Related tags Percent Flavor Iff

Reorganization activities in Europe caused a dip in International
Flavors & Fragrances' earnings in the third quarter of 2004,
but North America continued to see strong growth, particularly in
its flavors division.

The New York based company reported a decrease in earnings per share for the third quarter compared to the same period last year - down by $0.10 to $0.44.

IFF, however, passed this dip off as the result of restructuring charges relating to the sale of its fruit preparations businesses in Switzerland and Germany to fellow flavour firm Frutarom in May this year and the closure of its Dijon, France plant.

The company noted that had these charges been taken into account, 2004 third quarter earnings per share would have increased by 2 percent over the previous year reaching $0.58.

Third quarter sales were 5 percent up on 2003, totaling $506.2 million, though, as the company acknowledged, this increase was in part due to the strengthening of various currencies in relation to the dollar. Had exchange rates remained constant, sales would have increased by a less impressive 2 percent.

Nonetheless, Richard Goldstein, the CEO of IFF, said he was confident the company was on the right track.

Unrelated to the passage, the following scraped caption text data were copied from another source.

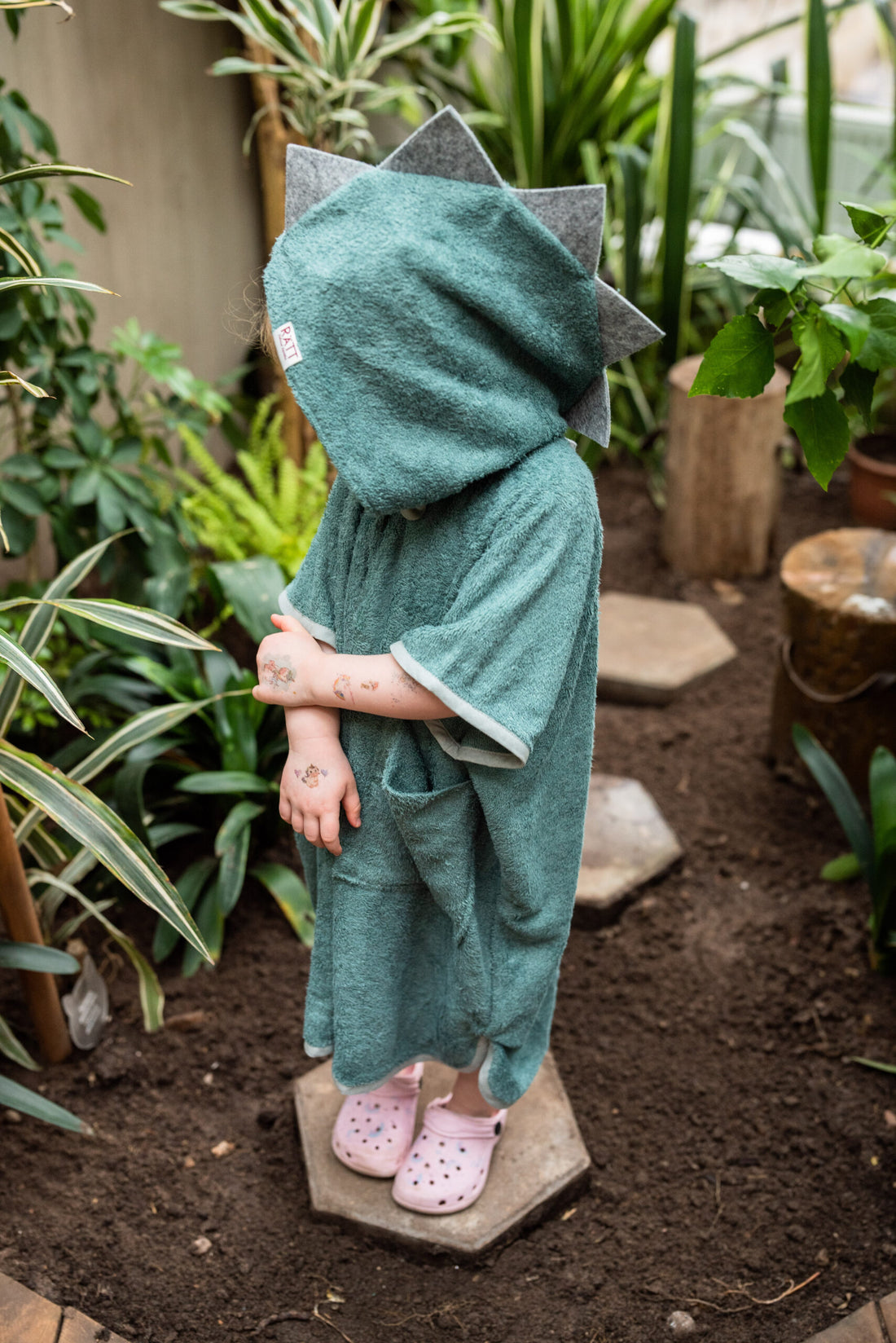 Kurzarm-Poncho DINOSAUR für Kinder, Größe 122-150 – Detailansicht 1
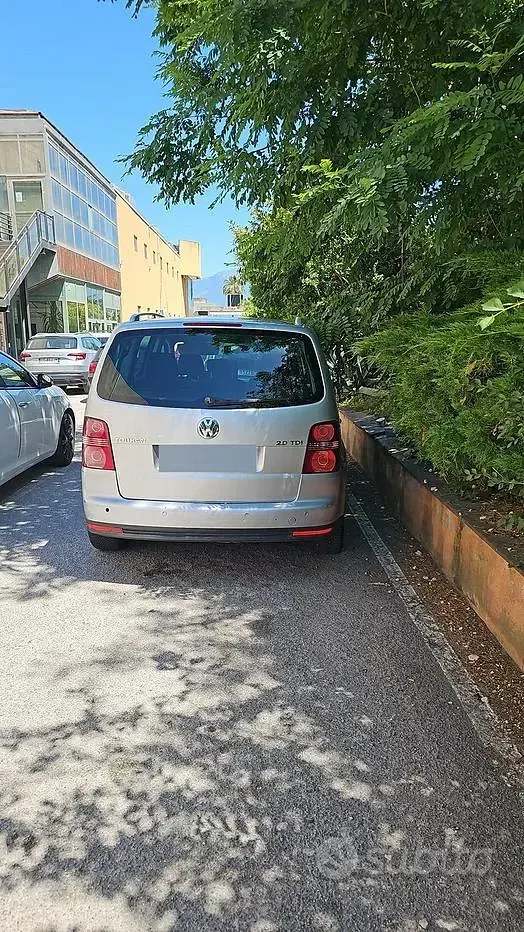 Usata VW Touran 140 CV (102 kW) 2007 Grigio Monovolume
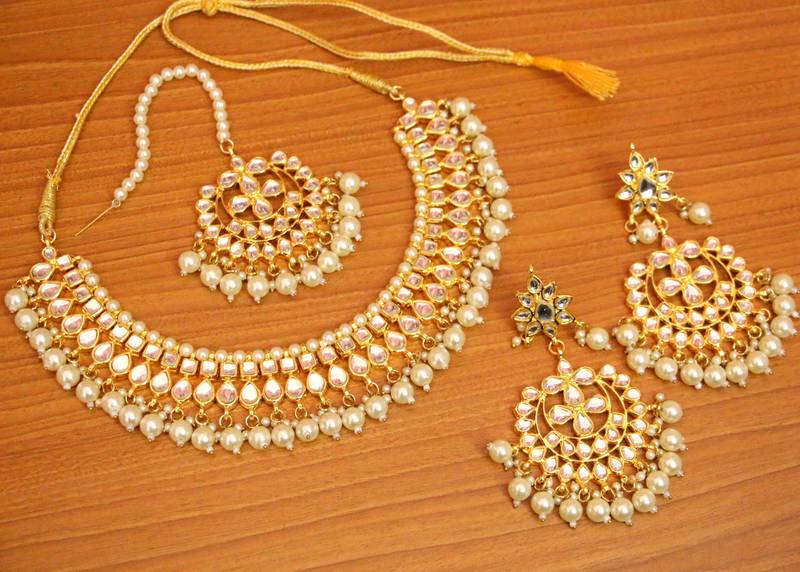 BLUE CRYSTAL NECKLACE-SETS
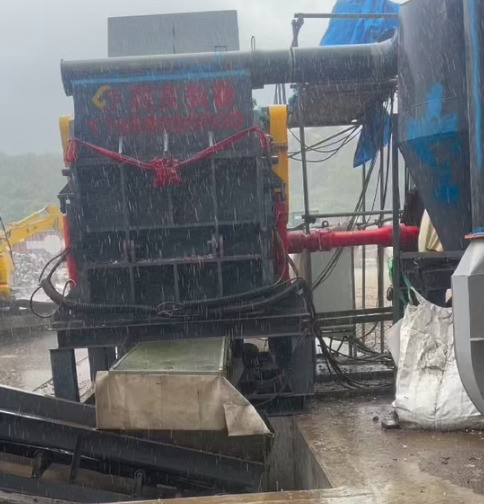 日本地區(qū)正處于陰雨?duì)顟B(tài)，即使這樣的天氣也沒能阻擋住破碎機(jī)營業(yè)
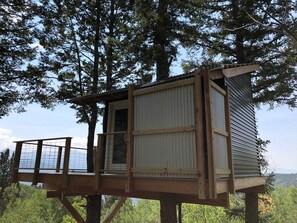 Exterior - Off-Grid yet Modern Tree House in the Sangre de Cristo Mountains, Colorado (Fort Garland)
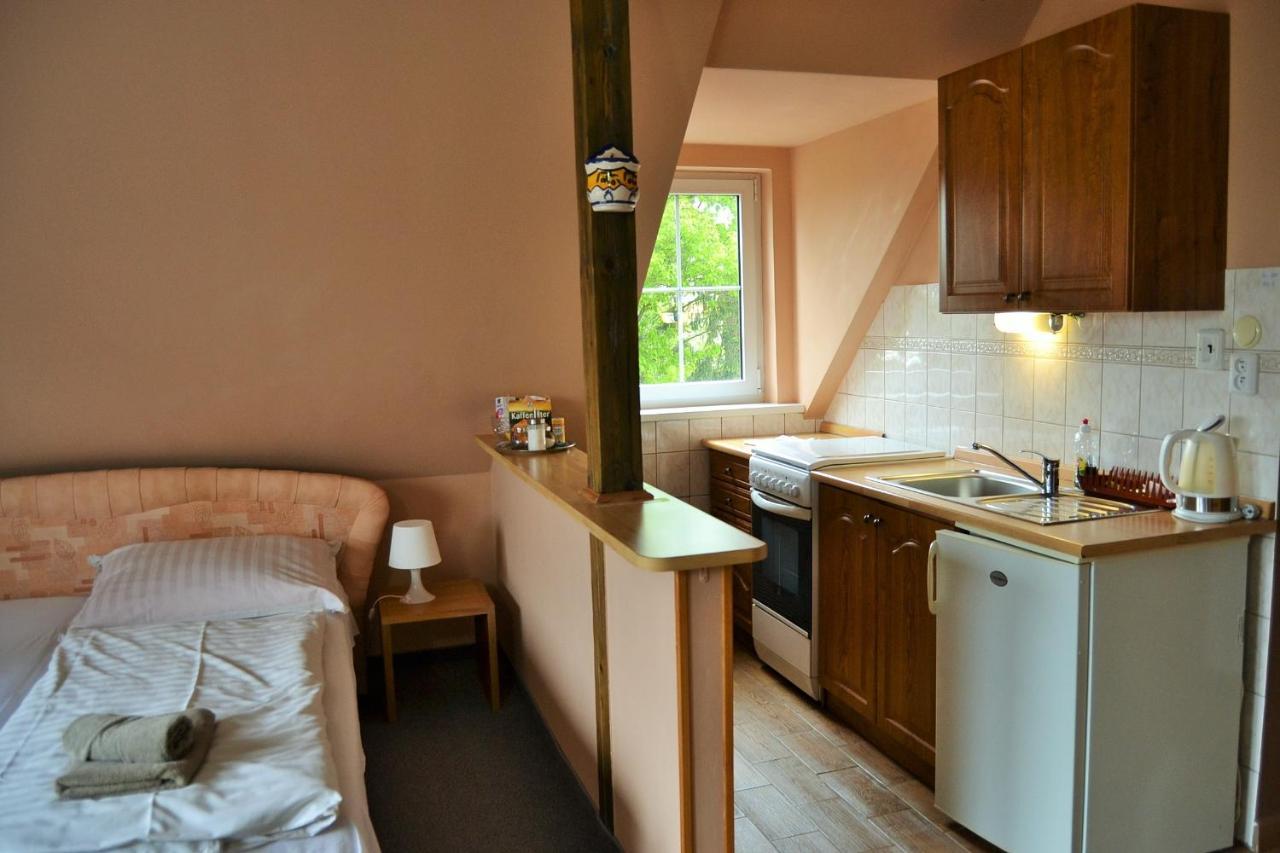 Apartments Nicol Karlowe Wary Zewnętrze zdjęcie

"Our sales and operating performance is largely due to our continued focus on customer service and our research and development initiatives,"​ he said.

North America led the pack with a 16 percent growth in flavor sales, while fragrances grew 14 percent.

IFF, however, has had a more turbulent time in Europe, where a two percent increase in fragrance sales was offset by a 10 percent decline in flavor sales. The company blamed this decline largely on the poor summer weather in most of Europe compared to the heat-wave of the previous year. The sale of its Swiss and German fruit preparations businesses also impacted sales.

With a view to the future, IFF added that it completed consultations with the French employee works council in Dijon last week and will proceed with the sale of its French fruit preparations assets to Frutarom and the closure of its Dijon manufacturing facility. The sale of the French fruit assets is now expected to be completed in the fourth quarter of 2004, while the Dijon facility is expected to close in the first quarter of 2005 following the transfer of production to other IFF locations.

This closure is part of the company's ongoing plan to consolidate its flavor and fragrance operations into its larger, more specialized sites; a move IFF hopes will increase capacity utilization and further improve productivity and customer service.